Automatic failover--if a server fails, a replacement server is
built automatically and is swapped for the failed server within
minutes (no need for clustering) without manual intervention.
[0108] d. Automatic scalability--if a pool of servers suffer from
performance degradation, then additional servers are added for load
balancing to maintain performance. The system also provides for an
easy methodology and process to upgrade a user's application
environment by a simple reboot process taking just minutes. The
system may be instructed to migrate the existing server and IT
environment to a larger higher performing server in CPU or memory
capacity which will be operational within minutes while preserving
all OS, application and existing IT environment configuration and
capabilities. The system may also downgrade a server to a slower
performing CPU or memory capacity with the same process. [0109] e.

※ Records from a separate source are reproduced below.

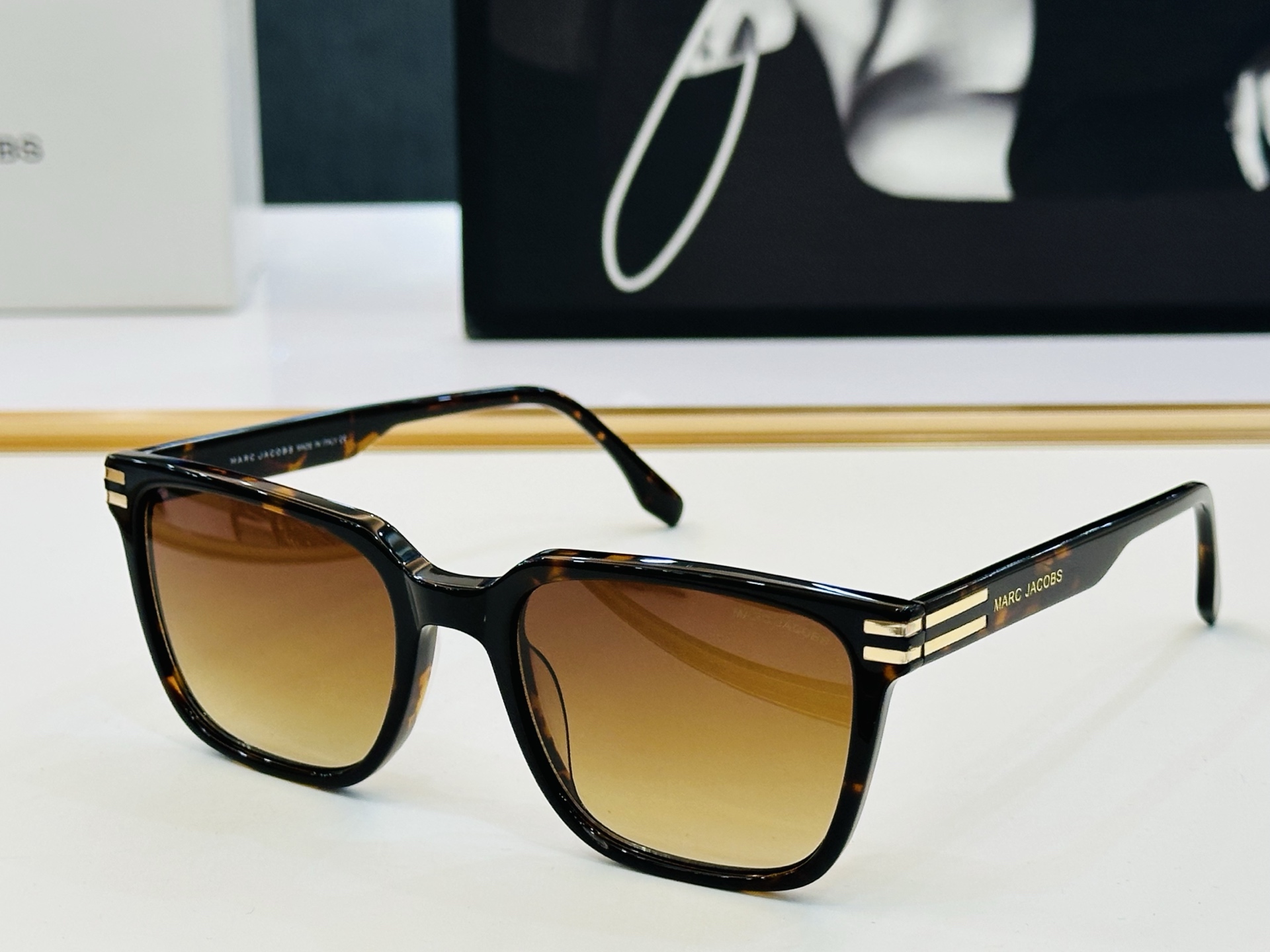 Marc jacobs 马杰家 MARC754  Size：54口20-145 采用今年流行的板材 L完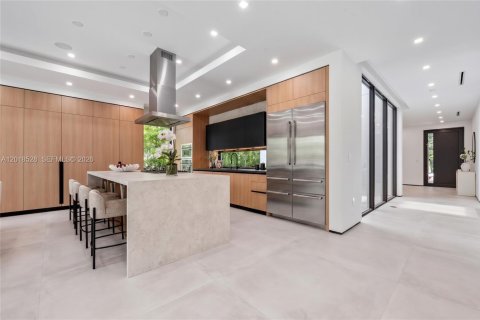 Casa en venta en North Miami, Florida, 4 dormitorios, 399.48 m2 № 2268164 - foto 8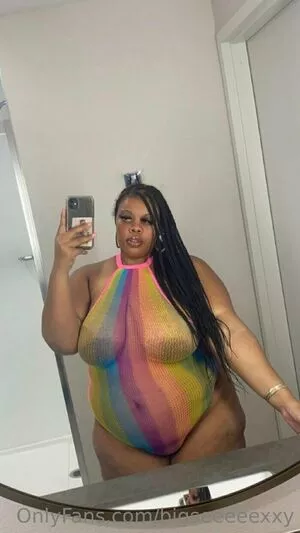 bigseeeeexxy / bigseeeeeexxy nude photo #0358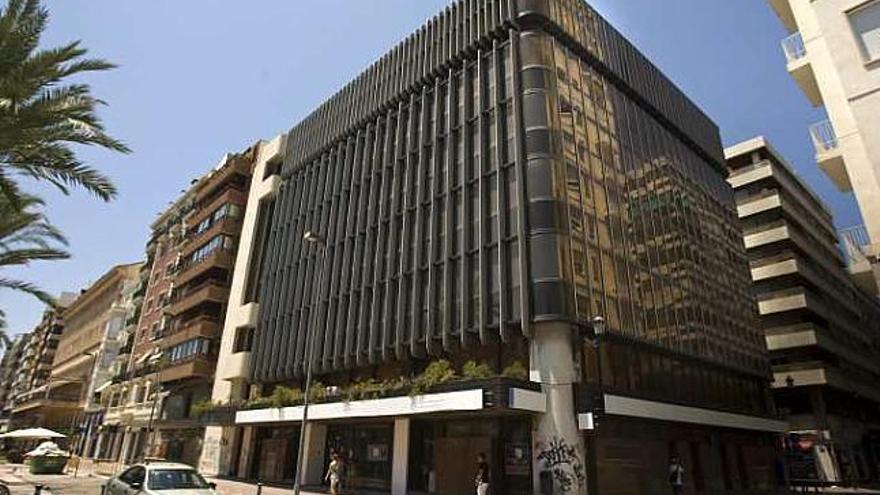 Castedo descarta alquilar el edificio del BBVA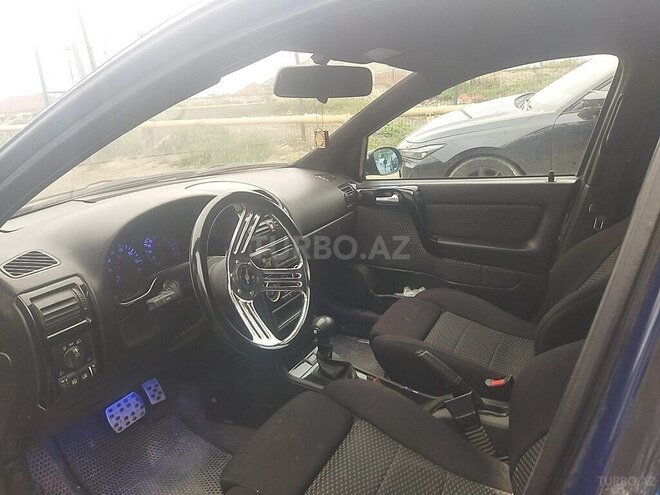 Opel Astra-9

Server repurpose--unutilized servers can be repurposed for certain
functions as needed. For example, test/development systems can be
automatically repurposed as financial reporting systems at month
end and then returned to original function. No data loss will occur
on the original system. The system will enable a user to repurpose
a server with the associated IT resources within minutes to
minimize costs and speed deployments of IT solutions. For example,
a running Windows server could be saved as a snapshot, shutdown and
rebooted onto a Linux image to become a Linux server with the
associated IT environment. The state of the original Windows server
will be maintained and the server may be returned to its original
configuration at any time in the future. This feature is ideal for
utilizing resources that may be non critical or idle at certain
times of the day or month. [0110] f. High speed near real time data
replication to safe guard data within the data center as well as
remotely to another data center facility for Disaster Recovery.

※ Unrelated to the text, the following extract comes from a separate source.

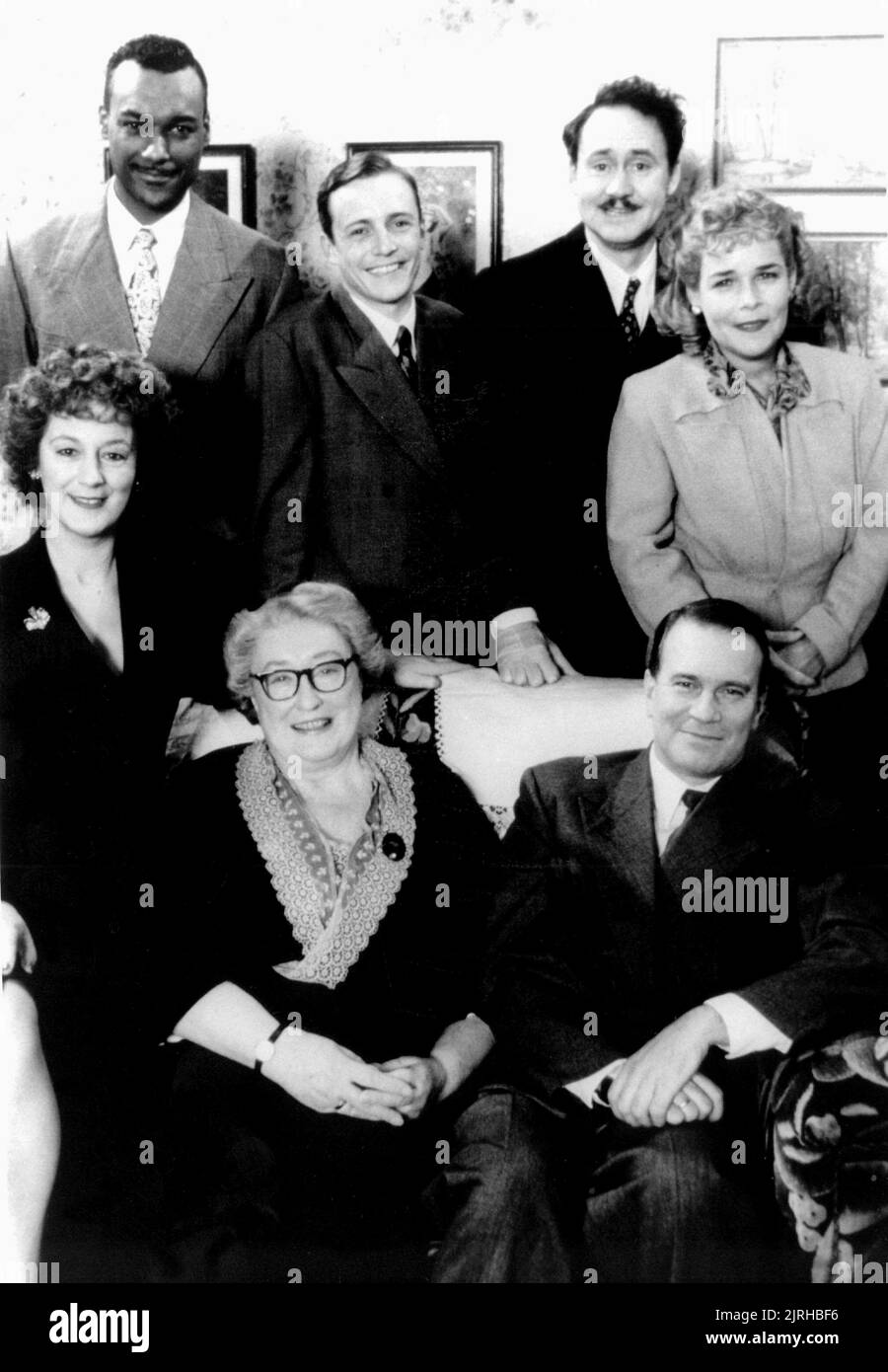 NICKY HENSON, ELIZABETH SPRIGGS, MAGGIE STEED, Linda Robson, NIGEL PLANER, LEE WHITLOCK, COLIN HAWKSLEY, briller sur HARVEY MOON, 1982 Banque D'Images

Storing a point in time copy snapshot of the disk data may be done
within seconds regardless of the volume size, enabling restoring of
the entire user's disk environment including OS, applications and
all configurations within seconds or minutes. The point in time
copy may be implemented as a virtual "copy on write" technology to
minimize actual disk space utilization and to speed up the
performance of the snapshot process. The snapshot process may be
initiated from the portal or API as a one time event or fully
automated to create point in time copies on an established schedule
with any combination of minutes, hours, days, weeks, months or
years. [0111] g. Online instant backup and quick restore of data
under a fully automated environment to reduce Return to Time of
Operation and Return to Point of Operation. [0112] h. Ability to
store an entire IT environment at one or multiple store points,
enabling restoring of the entire user's IT environment within
seconds to minutes locally or remotely to an alternative location
for disaster recovery. The point in time copy snapshot of the IT
environment store point includes components such as hardware and
software of compute servers, storage, OS, applications, storage
network, network switches and routers, Internet connectivity,
Intranet connectivity, firewall, intrusion detection system (IDS),
intrusion prevention system (IPS) and load balancing. The snapshot
process may be initiated as a one time event from the portal or API
or fully automated to create point in time copies on an established
schedule with any combination of minutes, hours, days, weeks,
months or years. The system may support true disaster recovery and
business continuance for the end user by not only replicating the
user data but also recreating the entire hardware and software
components of the IT environment to an alternate location within
minutes. The failover of the servers and associated IT environment
is automated and selected by the user as on option from the
system's menus. [0113] i. When a disk is released to the pool by
any IT environment, according to one feature the disk is wiped
before it can be reassigned to another environment. According to
one feature, the disk is wiped by writing random patterns of single
or multiple 1's and 0's. Also, any backup copies of volumes of the
disk may also be wiped. [0114] j. Cloning: A server with all it's
associated IT infrastructure may be cloned to a single or any
number of additional servers within minutes with or without
rebooting the original server. The cloned servers and IT
environments may be identical in OS and applications and only key
components such as networking addresses will be changed to ensure
proper operation. [0115] k. A detached or attached disk image or
snapshot of an online or offline server containing OS, applications
and data or any combination may be converted to a gold master
image. Gold master images may then be utilized to rapidly build and
deploy new servers with the same disk data within seconds. [0116]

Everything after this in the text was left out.